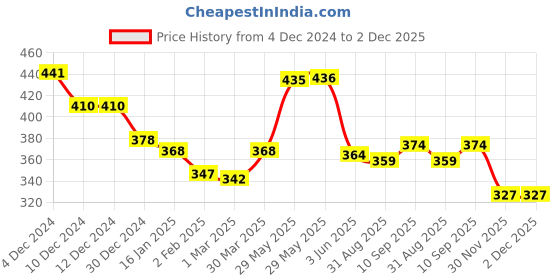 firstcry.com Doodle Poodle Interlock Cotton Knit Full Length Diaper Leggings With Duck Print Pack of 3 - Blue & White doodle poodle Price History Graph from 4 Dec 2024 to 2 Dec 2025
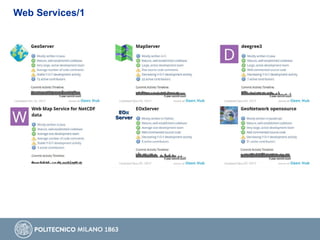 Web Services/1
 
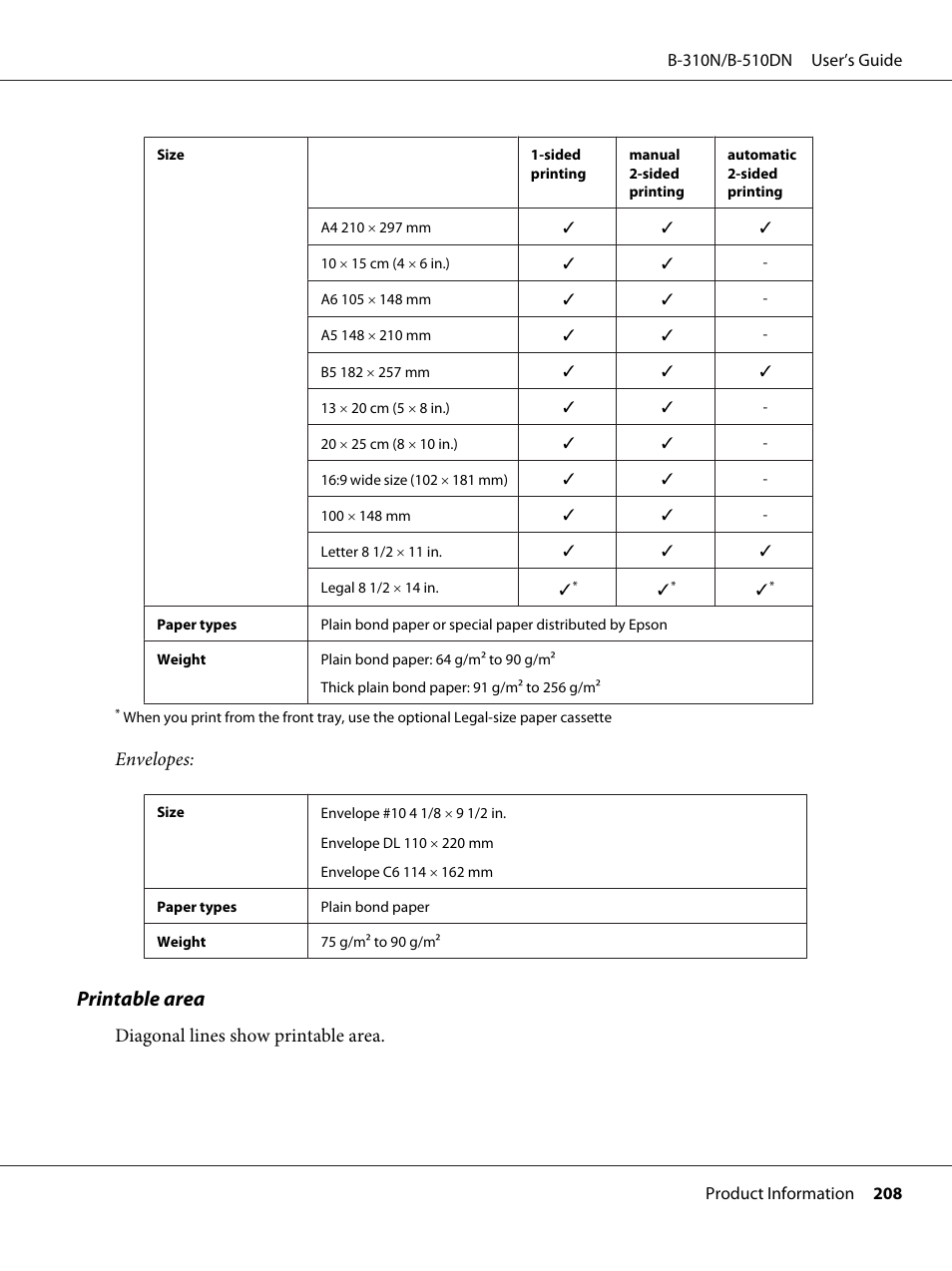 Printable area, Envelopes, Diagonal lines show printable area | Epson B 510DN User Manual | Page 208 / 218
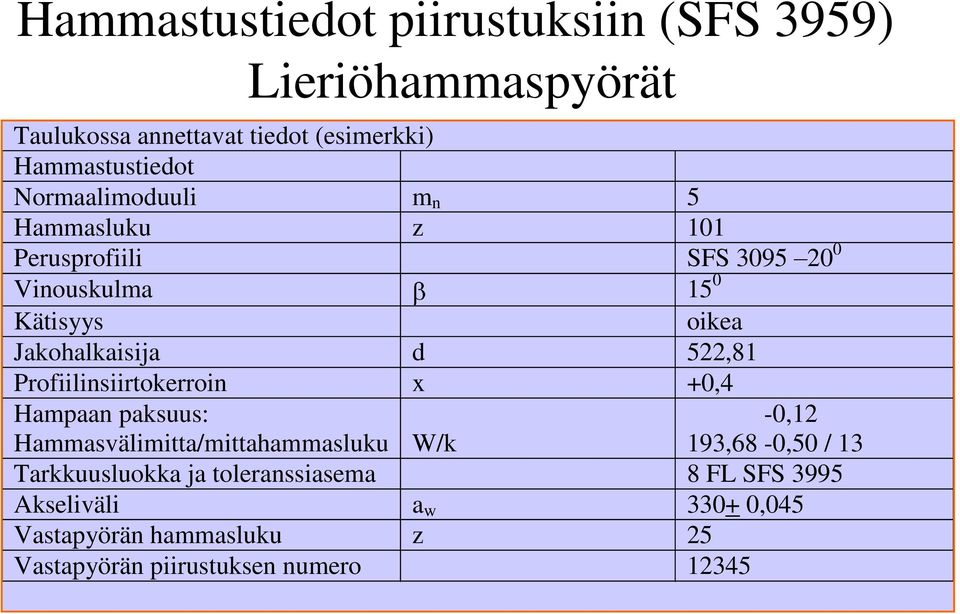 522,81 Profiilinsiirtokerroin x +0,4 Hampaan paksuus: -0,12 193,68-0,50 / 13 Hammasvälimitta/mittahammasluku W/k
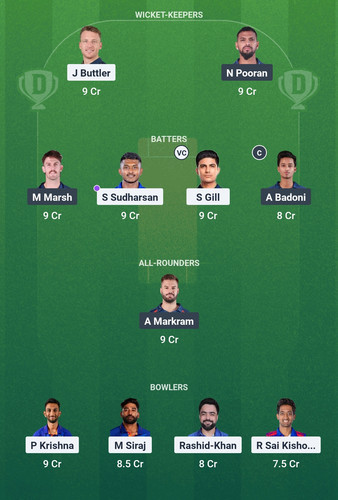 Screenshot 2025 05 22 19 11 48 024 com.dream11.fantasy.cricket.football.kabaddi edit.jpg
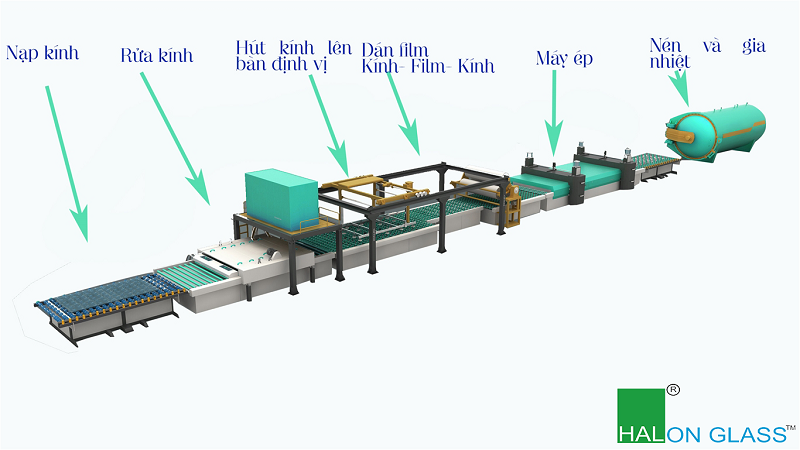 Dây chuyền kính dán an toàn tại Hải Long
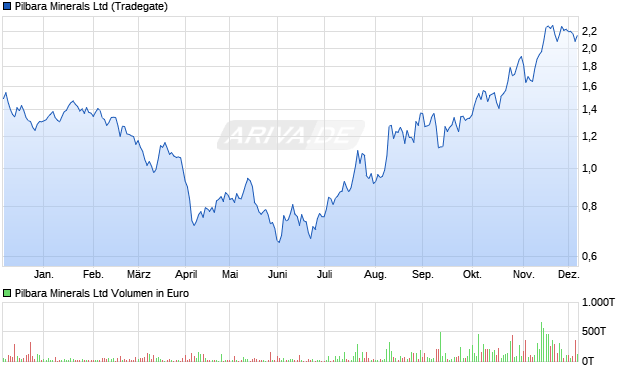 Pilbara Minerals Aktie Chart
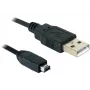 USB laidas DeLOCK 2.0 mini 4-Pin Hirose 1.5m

* * *

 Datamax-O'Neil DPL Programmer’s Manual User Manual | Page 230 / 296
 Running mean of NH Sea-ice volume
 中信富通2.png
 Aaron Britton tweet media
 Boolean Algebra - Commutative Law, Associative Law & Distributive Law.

■ **Aim of the task**
Transcribe only this stretch of the data: the line with "Web Services/1", the line with "USB laidas DeLOCK 2.0 mini 4-Pin Hirose 1.5m", and every line in between. Leave out the pictures.

■ **Output for this exercise**
 Web Services/1
 
 Printable area, Envelopes, Diagonal lines show printable area | Epson B 510DN User Manual | Page 208 / 218
 522,81 Profiilinsiirtokerroin x +0,4 Hampaan paksuus: -0,12 193,68-0,50 / 13 Hammasvälimitta/mittahammasluku W/k
 Screenshot 2025 05 22 19 11 48 024 com.dream11.fantasy.cricket.football.kabaddi edit.jpg
 Dây chuyền kính dán an toàn tại Hải Long
 Pilbara Minerals Aktie Chart
 USB laidas DeLOCK 2.0 mini 4-Pin Hirose 1.5m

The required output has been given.